So here I am. Trying to decide whether or not I want to write this email to my future music composition teacher. I have been in a slump really when it comes to hearing music. After I supressed it, I have had a hard time hearing the music again.
Fro christmas I wanted August Rush because it is one of my all time fav. movies. So I watched it yesterday, and finished it today. I fucking love that movie, yeah it's so impossible but the music in that movie is amazing and it's nspirinng that this boy views music with that music love.
So half way through the movie last night I had to go to bed. Before I fell asleep I started thinking about why I liked music to make me want to do it with my life. And then I thought about it and I know why, and I know why I want to learn how to write it all down. And I thought of a great example!
You know when you're singing your favorite song and you just sing a certain set of lyrics and a certain voice of the song because you can only do one at a time, but in your head you're hearing the rest of the song go with you, but the only thing everyone else can hear is that certain voice and those certain lyrics. Or when you're beating your pencil against a table or desk along with a song in your head and someone looks at you funny because they aren't hearing that same song. Yeah, that's my head except I don't sing it or beat it. I can hear the entire song, every note, every voice and everything. But I can't let everyone else hear it. It's insanely frustrating. All I do is hear and hear being unable to share it.

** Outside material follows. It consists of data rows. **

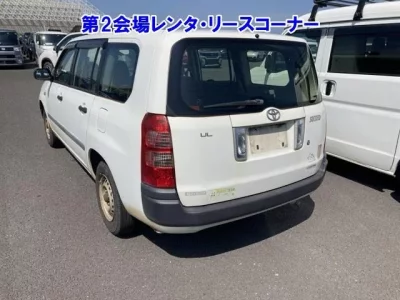 Toyota SUCCEED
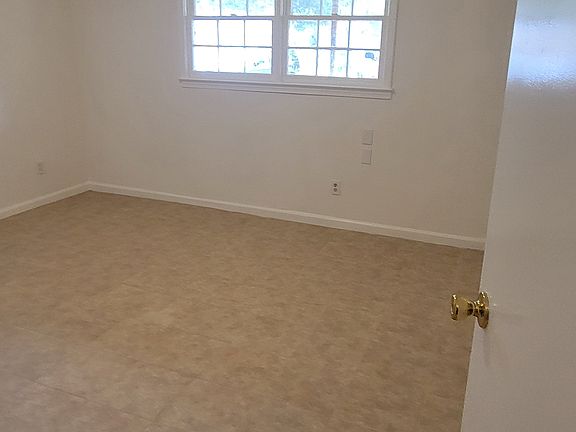 2nd image of 365 Dixie Ct #2
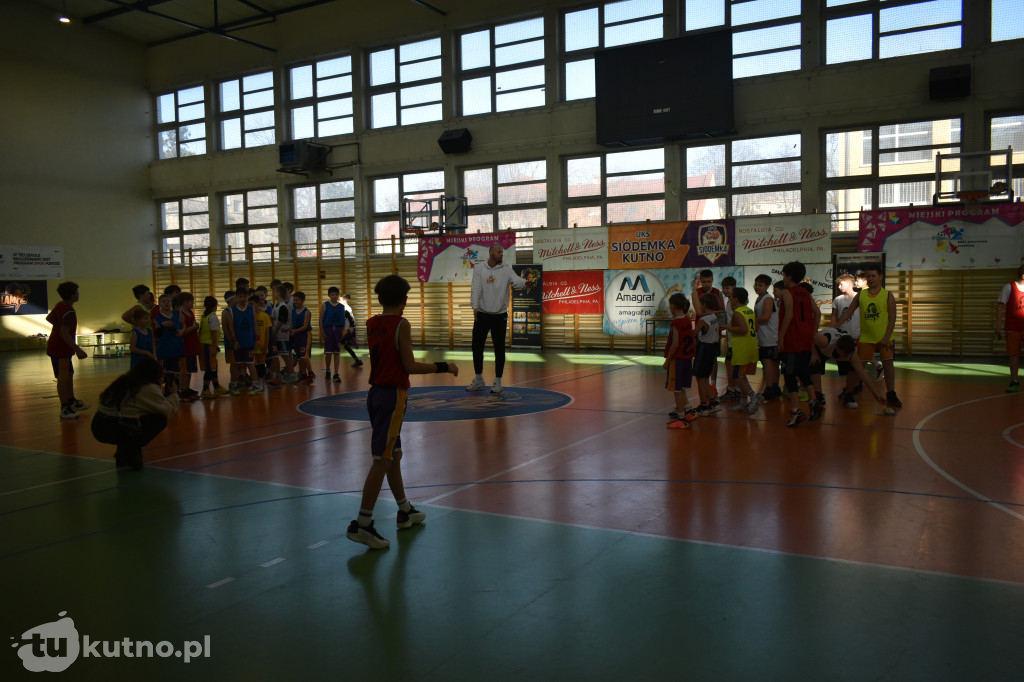 Turniej z Maciejem Lampe trwa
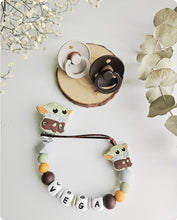 Cargar imagen en el visor de la galería, Chupetero Personalizado ( Modelo Yoda )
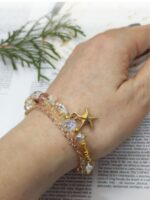 Браслет «Солнечное сияние» Откройте для себя магию утончённости с этим изысканным браслетом, сочетающим в себе роскошь и лёгкость. Украшение выполнено в тёплых золотисто-жёлтых тонах, которые напоминают лучи солнца, согревающие кожу.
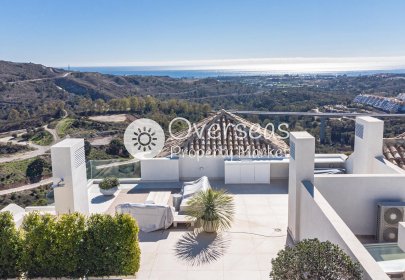 Obra nueva - Ático -
Benahavís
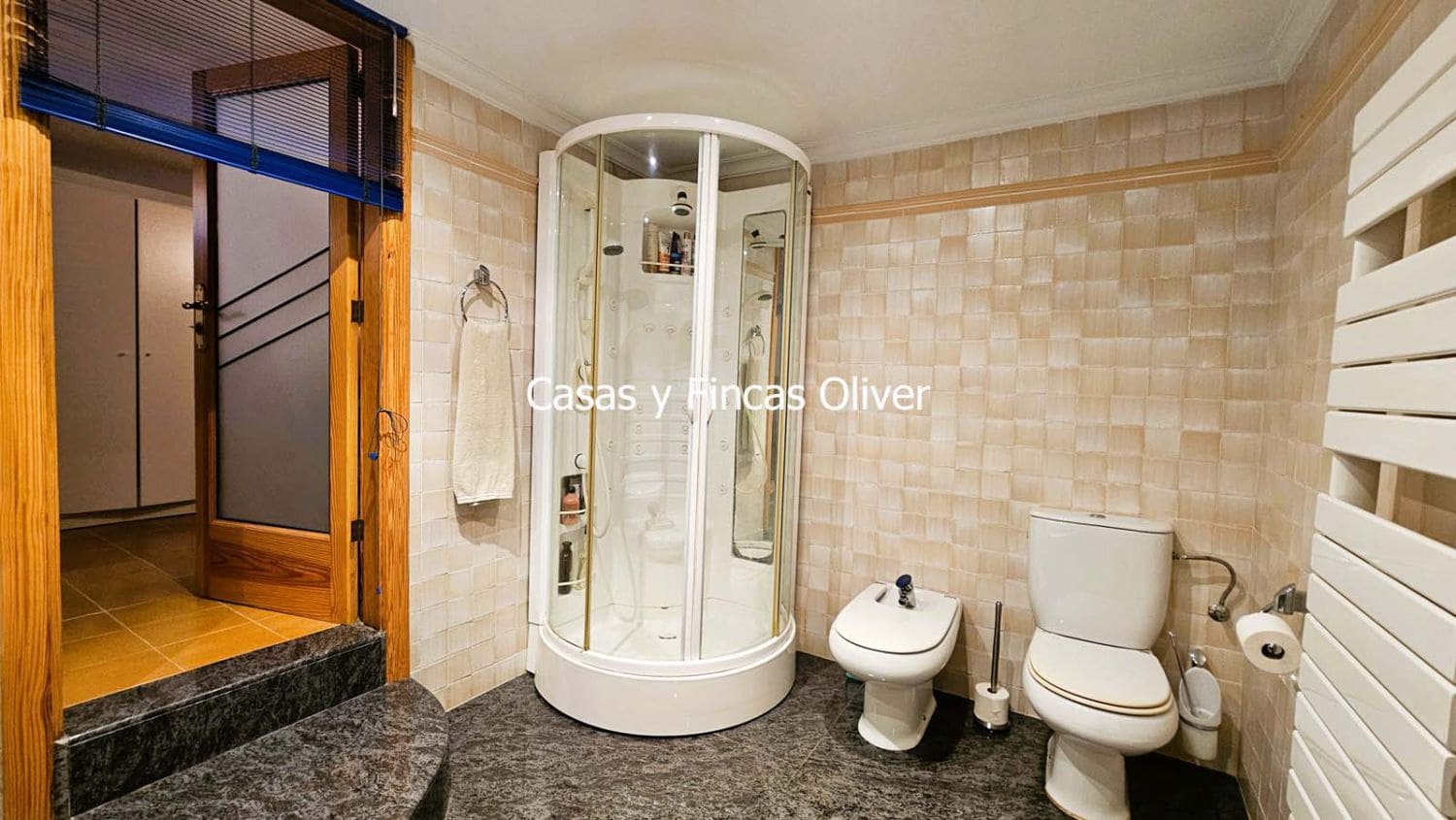 5 Zimmer Villa zu verkaufen in Puerto de Alcudia mit Garage - 1.600.000 € (Ref: 9666125)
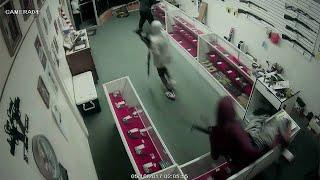 VIDEO: Smash-and-grab burglary at gun store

It's so infuriatingly frustrating.
It's like, WELL GOD IF YOU FUCKING EXIST WHY WOULD ALLOW ME TO HEAR THIS MUSIC AND BE UNABLE TO SHARE IT WITH THIS WORLD?!
It sucks. I hate it sometimes not being able to share it.
Where does it come from? I don't know, it starts out with a simple rhythm and a feeling, an emotion be it. Then I add another voice, sometimes all of them at once, with out my consent of course. And depending on what I heard I go either to bass or soprano voices, depending what I started with. I need to find a way to know what these notes instantly. I need perfect pitch because I hear the entire symphony all at fucking once. I need to learn how to write it down immediately.
Ugh, I'd write more but I'm a bit frustrated.